Meaningless Word Number 6: Annoying

The Indiana Supreme Court reversed its Court of Appeals, which held the public intoxication statute’s language unduly vague.

Indiana’s 2012 public-intoxication law makes a criminal of someone who, while drunk in a public place, “harasses, annoys, or alarms another person.” (The statute improved upon the state’s previous public intoxication law, which made it illegal to be drunk in public, period.)

The Supreme Court didn’t see the problem.

There is little doubt that the subjective application of the term “annoys” would lead to absurd results and exceedingly broad discretion in enforcement. However, recognizing that statutes need not precisely state the prohibited conduct and should be read to avoid absurd results, principles of statutory interpretation instruct this Court to read a reasonableness standard into our public intoxication statute when analyzing the term “annoys.”

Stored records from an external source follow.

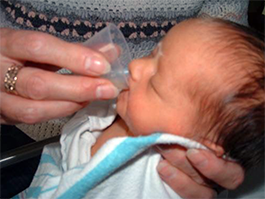 Mother cup feeding her baby | Doylestown Health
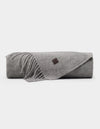 The Cozy Earth Cashmere Tassel Throw, a light gray wool blanket with fringed edges and a small brown leather patch, is neatly rolled and displayed on a plain white background.|Color:Pebble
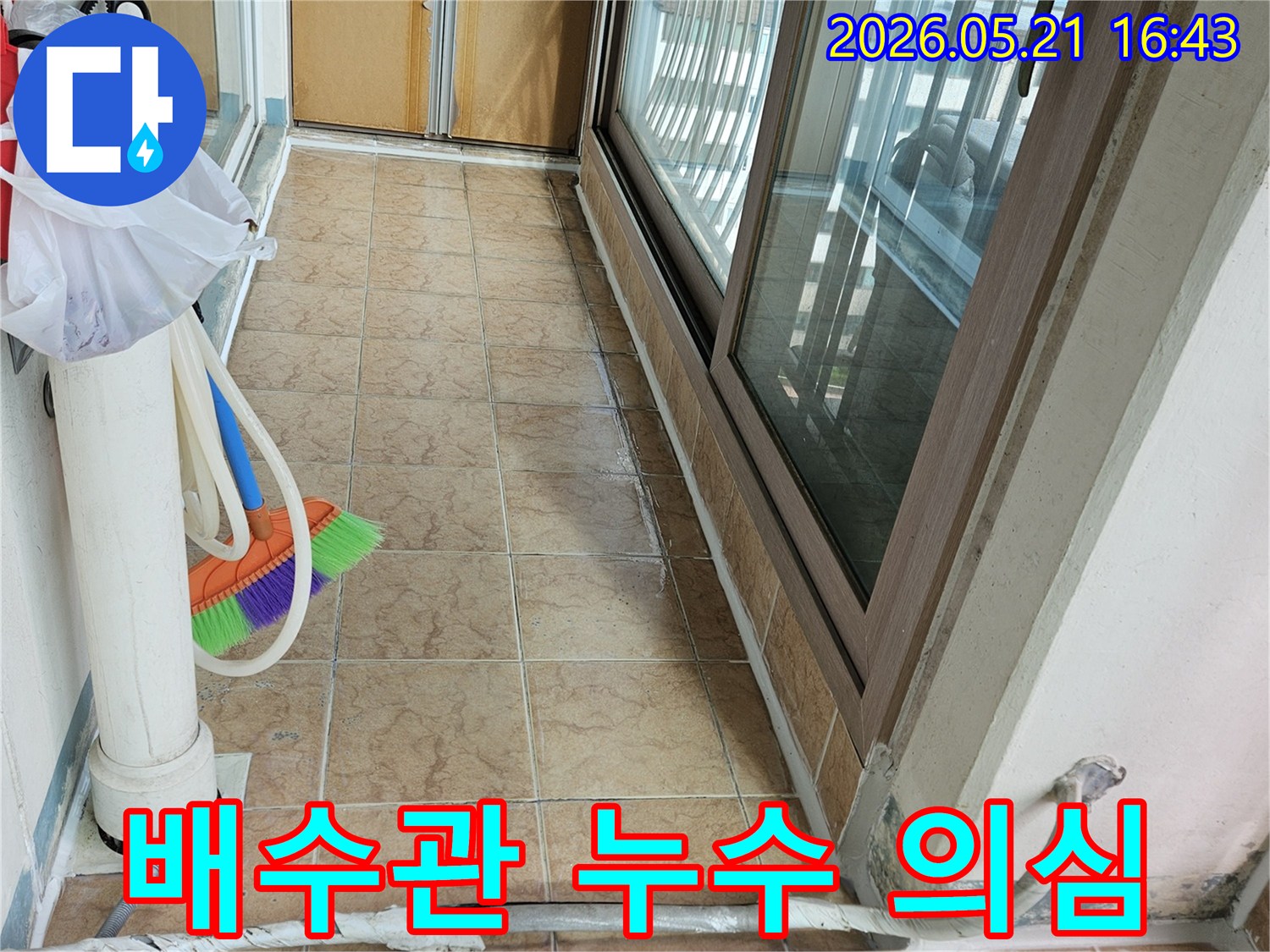 아파트 베란다의 큰 배수관과-주변 벽면 타일을 보여주며-배수관 주변 누수 여부를 점검하는 현장입니다.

In other words, the court wrote a “reasonable person” standard into the statute, so that things which “annoy” a reasonable person are a crime.  Of course, that “reasonable person,” in the absence of a roving panel of really reasonable people who can magically appear on the scene at the snap of fingers, will be a reasonable cop.  His discretion will subsequently be reviewed by the “reasonable judge,” such as those on the Court of Appeals, who will be later told by the Supreme Court that they are not, sadly, reasonable at all.

Words. What would do with them?

As noted at the Free Thought Project, this is just a little prone to abuse:

Justice Steven David, one of the judges who voted to uphold the law, said that the statute is fine as it is currently written, because “any reasonable person can easily understand the types of behaviors that are prohibited when the word ‘annoy’ is listed alongside ‘harass’ and ‘alarm’ ‘annoys.’” However, this is not how police will interpret the law while on-duty, the law will be interpreted in a way that justifies an arrest, whether that arrest is truly warranted or not.

In this respect, you can’t exactly blame the cops for being cops.  The conduct that violates the law is that which annoys, and who’s to say what annoys but the person making the judgment call?  Assuming the best, it leaves the crime to the discretion of police. At worst, it can be used by police to arrest anyone they find intoxicated.  And make it stick with a few words in the story to express just how annoying they were.

In the effort to reach conduct that defies objective definition and quantification, language like “annoys,” not to mention “harass” and “bully” and a slew of other very popular descriptions of things that, well, annoy people these days have become the catch-all means of characterizing conduct.  They suffer from a constant problem, that they are incapable of adequate definition to provide notice as to the conduct prohibited.

When Justice David proclaims “any reasonable person can easily understand the types of behaviors that are prohibited when the word ‘annoy’ is listed,” most people will nod their heads in agreement. Sure, they know what annoys them. Sure, they’re reasonable. Just ask them. They’ll tell you.

The problem is that we all have our own threshold levels of annoyance. Minor annoyances, like when the cable TV goes out for the 43rd time this month.  Major annoyances like when the customer service rep from Comcast tries to explain to you why you will need to spend the next hour on the phone with him before you stand a chance of canceling your service.  Is that what you’re talking about, Judge?

We’re all used to using, and thinking, in such vague terms in our everyday lives, which makes such language appear relatively unremarkable.  But then, when we think to ourselves, “Geez that guy is annoying,” it isn’t for the purpose of justifying our slapping the cuffs on him.  Our determination, as the reasonable people we are, is for our own classification purposes. We don’t get to take him on the ride, whether or not he beats the rap.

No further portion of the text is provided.